Il a pris une situation très difficile. On peut mettre à son crédit d’avoir diminué la dette. Il a essayé des choses. Il a mis de l’argent, mais il ne peut pas tout faire seul. Il n’a pas la surface financière du Qatar. Il est donc obligé de chercher des partenaires parce qu'il est tributaire des résultats. Si l’équipe était montée en Ligue 1 l’année dernière, la situation serait sûrement moins compliquée. Mwanga et Bakwa n’auraient pas été vendus, Gregersen aussi. C’est vrai que c'est opaque, on n’y voit pas clair, et il ne s’exprime pas beaucoup. Il intervient par communiqué, parfois lors de conférences de presse. Il vend “sa soupe”, sa façon de voir. Il est difficile de saisir le personnage.

“ Je suis désolé de le dire, c’est mon club, mais Bordeaux est un club lambda”

 

Comment expliquer l'échec de cette saison ?

Je serai tenté de dire comme Fabien Galthié à propos de l’Équipe de France lors du tournoi des 6 nations : “On n’a pas digéré ce qui s’est passé à la Coupe du Monde, on n'était pas prêt à reprendre la compétition”. Peut-être que Bordeaux n'était pas prêt à reprendre si tôt. On n'avait pas digéré cet échec, je parle de Barbet et de Nsimba même si ce dernier a eu des blessures cette saison. La dynamique était tout autre cette saison. On sentait que ce serait dur dès la présaison bordelaise. Dès le match à Pau, ça tourne mal et la dynamique négative s’enclenche. À la 10e journée, on est 13, comme aujourd’hui.

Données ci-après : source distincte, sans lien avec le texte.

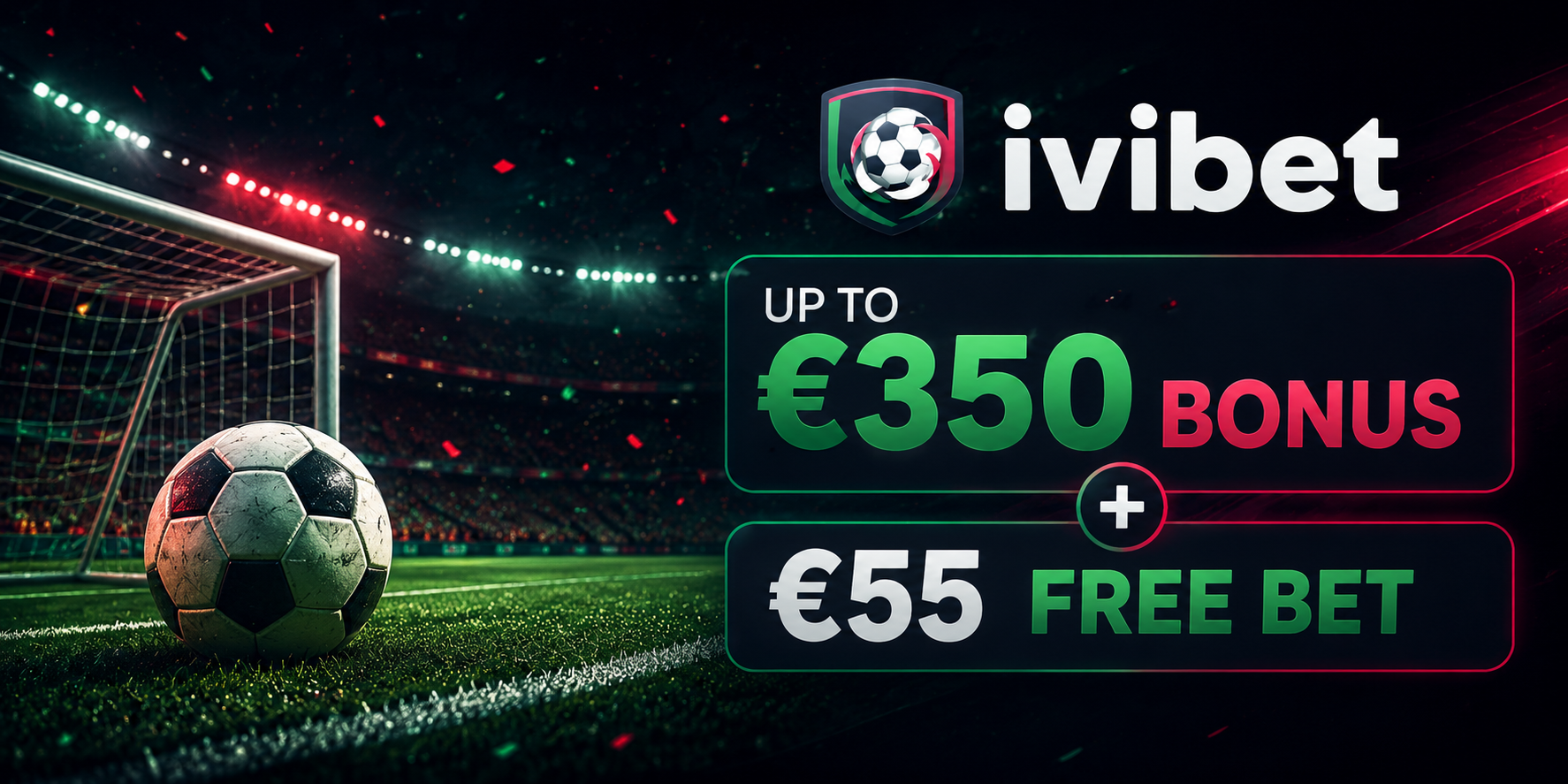 up to €350 Bonus + €55 Free Bet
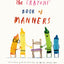The Crayons' Book of Manners (The Crayons Celebrate)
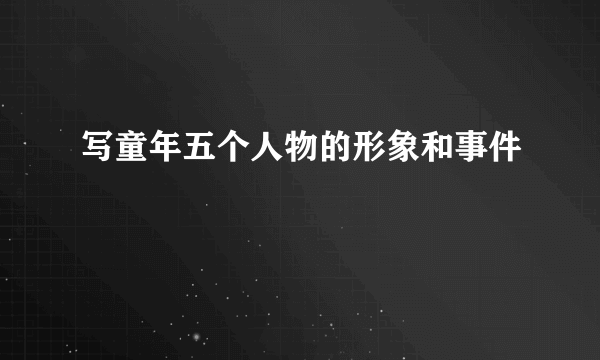 写童年五个人物的形象和事件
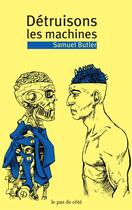Couverture du livre « Détruisons les machines » de Samuel Butler aux éditions Le Pas De Cote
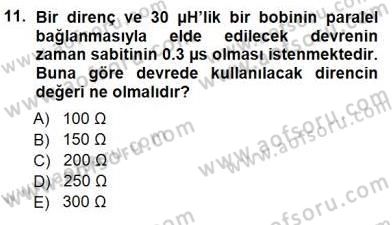 Devre Analizi Dersi 2012 - 2013 Yılı (Final) Dönem Sonu Sınav Soruları 11. Soru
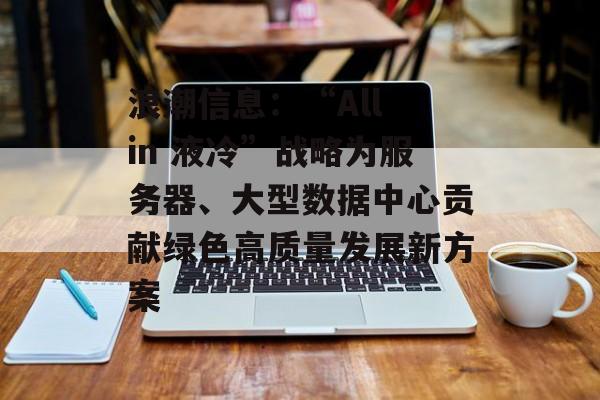 浪潮信息：“All in 液冷”战略为服务器、大型数据中心贡献绿色高质量发展新方案-第1张图片-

Est-ce que si Guion était resté jusqu'au bout il aurait fait mieux ? Là aussi, la vindicte populaire poussait au départ de Guion. Le club, je ne sais pas s'il est influencé par les réseaux sociaux, a décidé de changer et on a perdu 2 mois avec les systèmes de jeu d’Albert Riera. Je suis désolé de le dire, c’est mon club, mais Bordeaux est un club lambda. On ne peut pas faire comme Saint-Étienne qui a vécu pendant des années dans le passé avec les poteaux carrés de 1976 contre le Bayern Munich. Il faut dire que Bordeaux est redevenu un club lambda comme je l’ai connu dans les années 1970 où on jouait le maintien.

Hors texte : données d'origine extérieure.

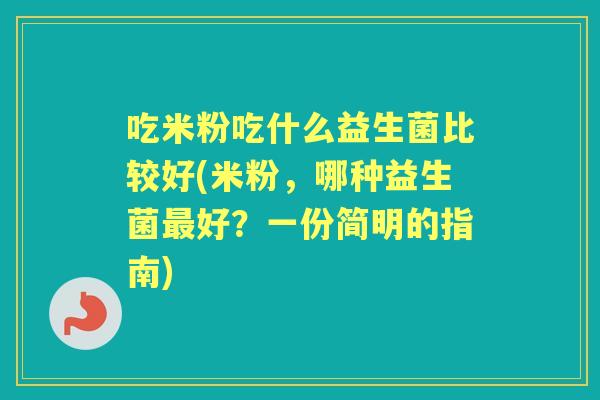 吃米粉吃什么益生菌比较好(米粉，哪种益生菌好？一份简明的指南)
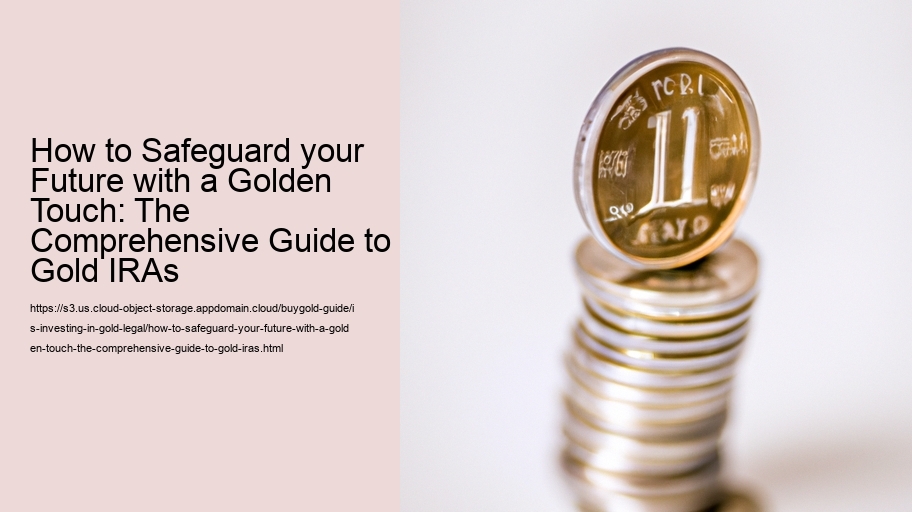 How to Safeguard your Future with a Golden Touch: The Comprehensive Guide to Gold IRAs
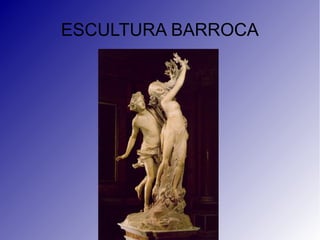 ESCULTURA BARROCA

Bordeaux est-il capable de jouer le maintien ?

Oui, je pense qu’ils sont en mesure de se maintenir. Il est important de gagner les matchs face à Dunkerque, Bastia et Concarneau. Ils sont capables de le faire.

As-tu souvenir d’un coach avec la même énergie qu’Albert Riera aux Girondins ?

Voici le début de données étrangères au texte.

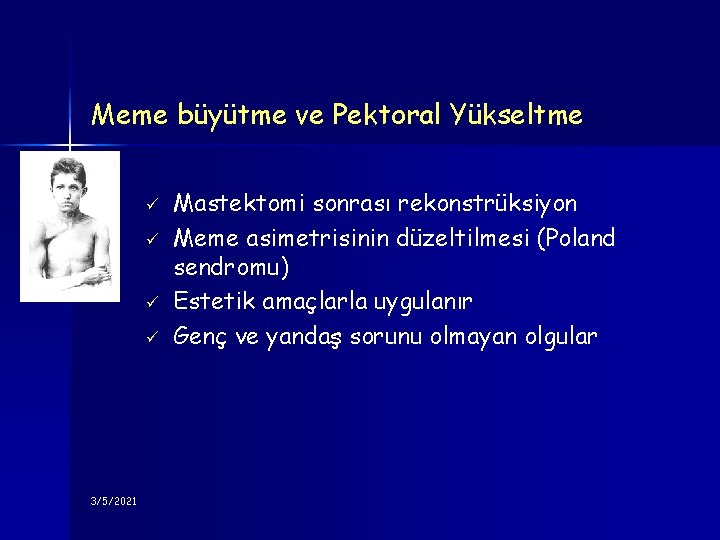 Meme büyütme ve Pektoral Yükseltme ü ü 3/5/2021 Mastektomi sonrası rekonstrüksiyon Meme asimetrisinin düzeltilmesi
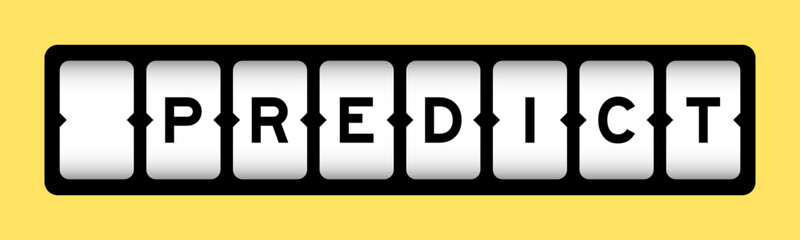 Black color in word predict  on slot banner with yellow color background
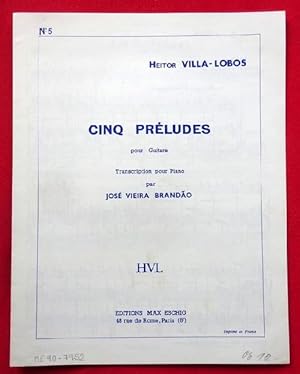Image du vendeur pour Cinq Preludes Prelude No. 5 (pour guitare, Transcription pour Piano par Jose Vieira Brandao) mis en vente par ANTIQUARIAT H. EPPLER
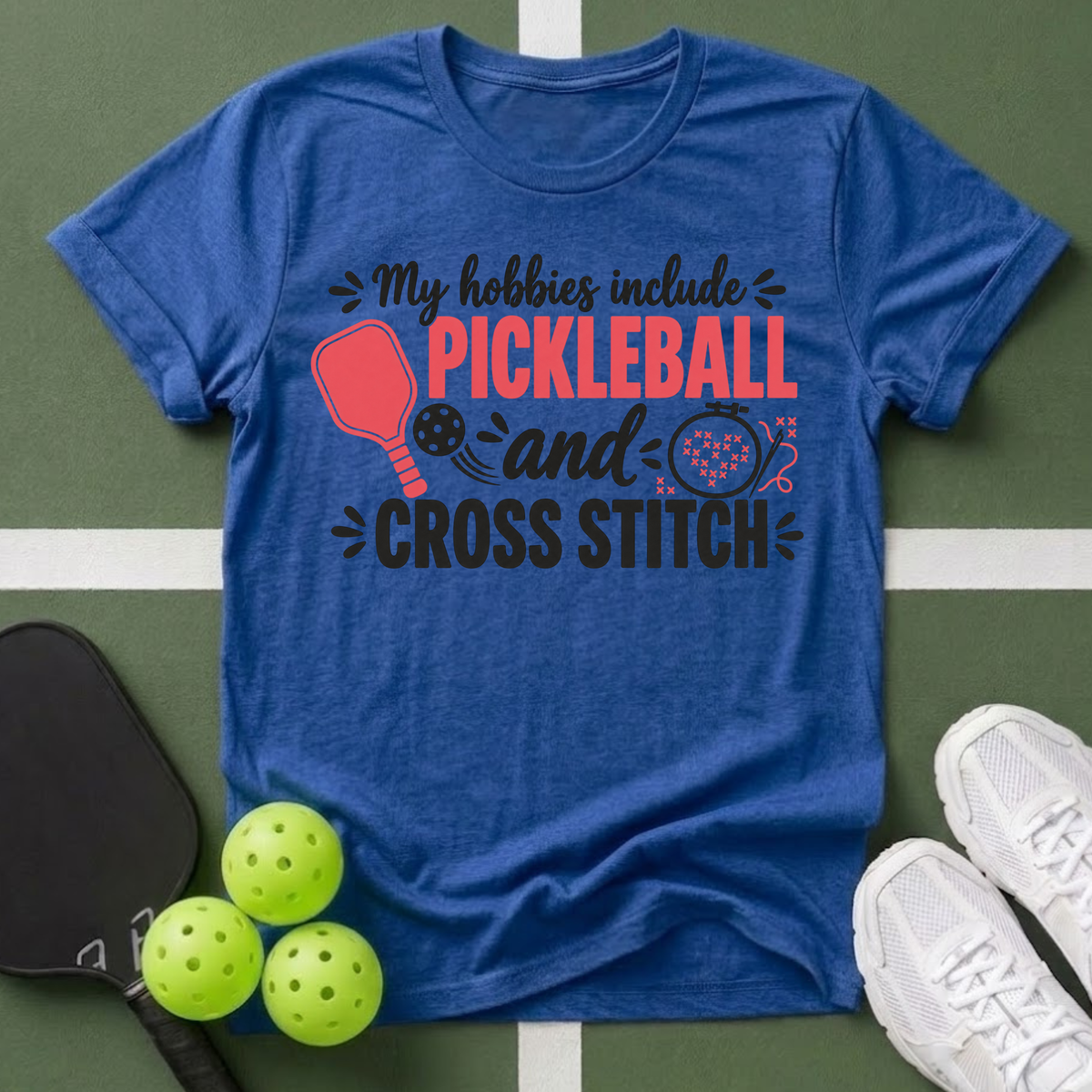 Hobbies- Pickleball & Cross Stitch T-Shirt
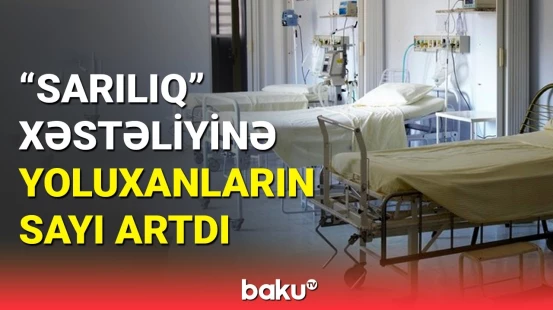 Azərbaycanda yeni xəstəlik təhlükəsi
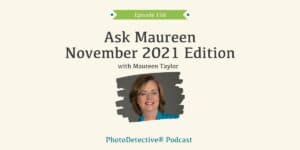 Episode 156: Ask Maureen November 2021 Edition | Photo Detective Podcast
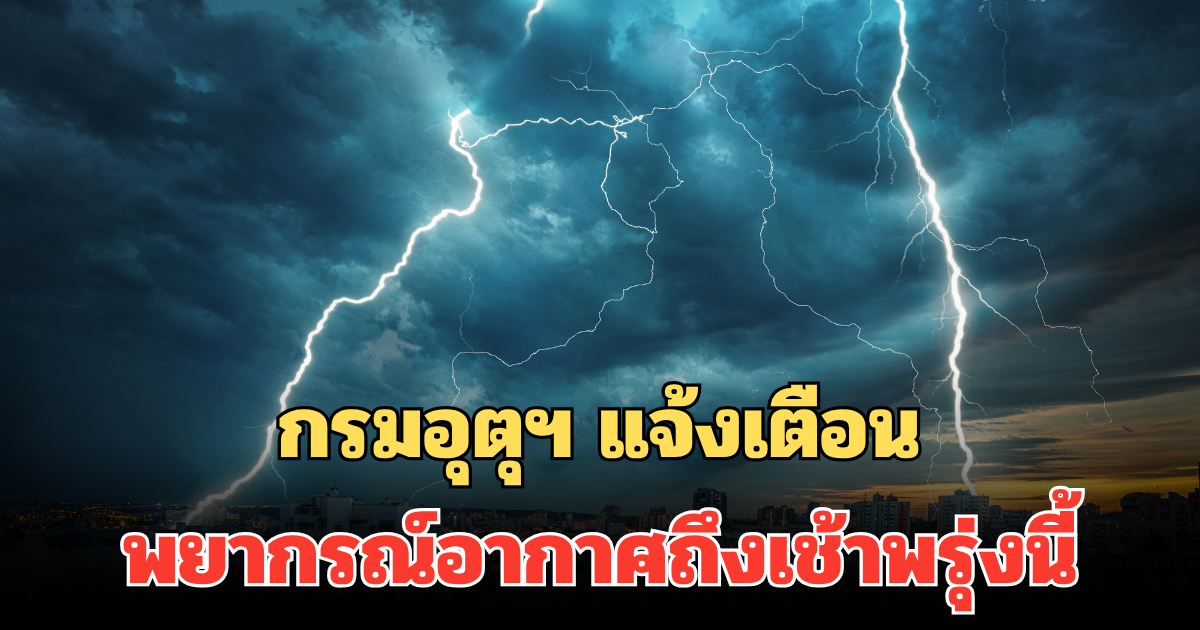 กรมอุตุฯ แจ้งเตือน พยากรณ์อากาศถึงเช้าพรุ่งนี้ รายชื่อจังหวัด ฝนตกหนักมาก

Avec Paulo Sousa et Gustavo Poyet c'était pas mal niveau énergie. Par le passé, Rolland Courbis avait une belle énergie aussi. C’est un coach que j’aimais bien, il était ouvert. Si vous ne compreniez pas ce qu’il voulait faire, il vous l’explique. Avec un confrère de Sud-Ouest et un autre, nous avons été convoqués dans son vestiaire au Haillan pour un schéma tactique. Nous avons eu une explication. C'était très agréable. On ne le voit plus aujourd’hui. Le discours de Courbis touchait ses joueurs. Jean-Louis Gasset a aussi un discours particulier.

“Albert Riera ne rentre pas suffisamment dans le détail de ses choix”

 

Riera croit dur en ce qu’il fait, c’est bien, mais il a mis du temps à s'adapter à son effectif. Finalement, à part entendre que Riera s’en prend à tel ou tel coach, est-ce qu’on parle du jeu de Bordeaux ? Je trouve qu’il n’en parle pas très souvent. Il ne rentre pas suffisamment dans le détail. En tant que journaliste je serais déçu, car il n’y a pas grand-chose à manger. Guion donnait des choses. J’aimerais qu’il nous explique plus ses choix. Pourquoi il se prive de Vipotnik à Annecy ? Pourquoi Vipotnik ne joue pas tous les matchs ? On ne peut pas se priver de cet attaquant. C’est notre meilleur espoir de marquer des buts. Peut-être que s’il nous explique, on ne critiquera plus ses choix.

“Gérard Lopez veut prouver qu’il peut réussir”


Que peux-tu souhaiter aux Girondins pour les 4 mois à venir ?

Le maintien, et surtout un passage devant la DNCG plus agréable et avec moins d’incertitude. Que Lopez, soit vende le club, soit qu’il trouve une aide financière pour relancer le club avec un véritable objectif, une véritable équipe et en finir avec le purgatoire qui va se prolonger une troisième saison. Gérard Lopez veut récupérer de l'argent, mais surtout prouver qu’il peut réussir, c’est pour cette raison qu'il veut rester.